[EXERCISE REQUIREMENTS] Write out the data again exactly, skipping every picture.

[SUPPLIED MATERIAL]

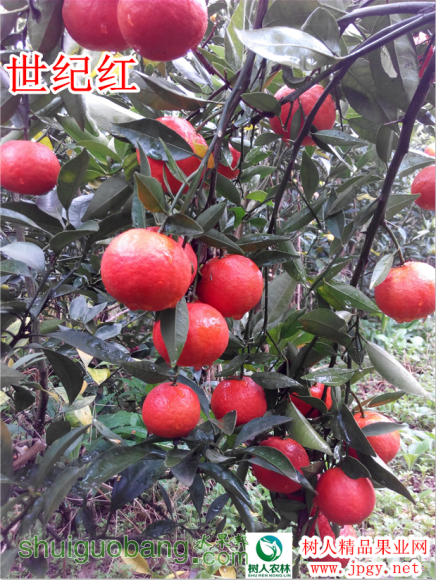 QQͼ20151105163923.png
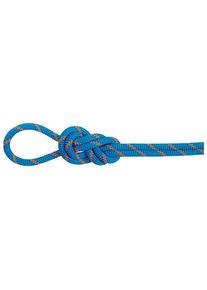 Mammut 8.0 Alpine Eco Dry Rope Half rope (30 m, blue/white)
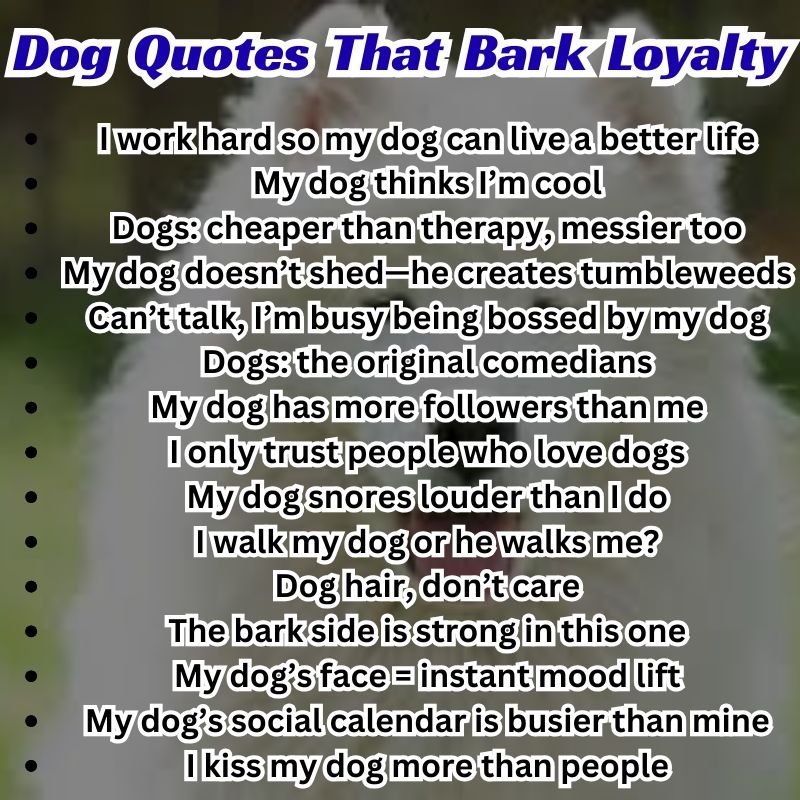 Collage of dog breeds with short inspirational dog quotes in stylish fonts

[TASK SOLUTION]
 QQͼ20151105163923.png
 Mammut 8.0 Alpine Eco Dry Rope Half rope (30 m, blue/white)
 Collage of dog breeds with short inspirational dog quotes in stylish fonts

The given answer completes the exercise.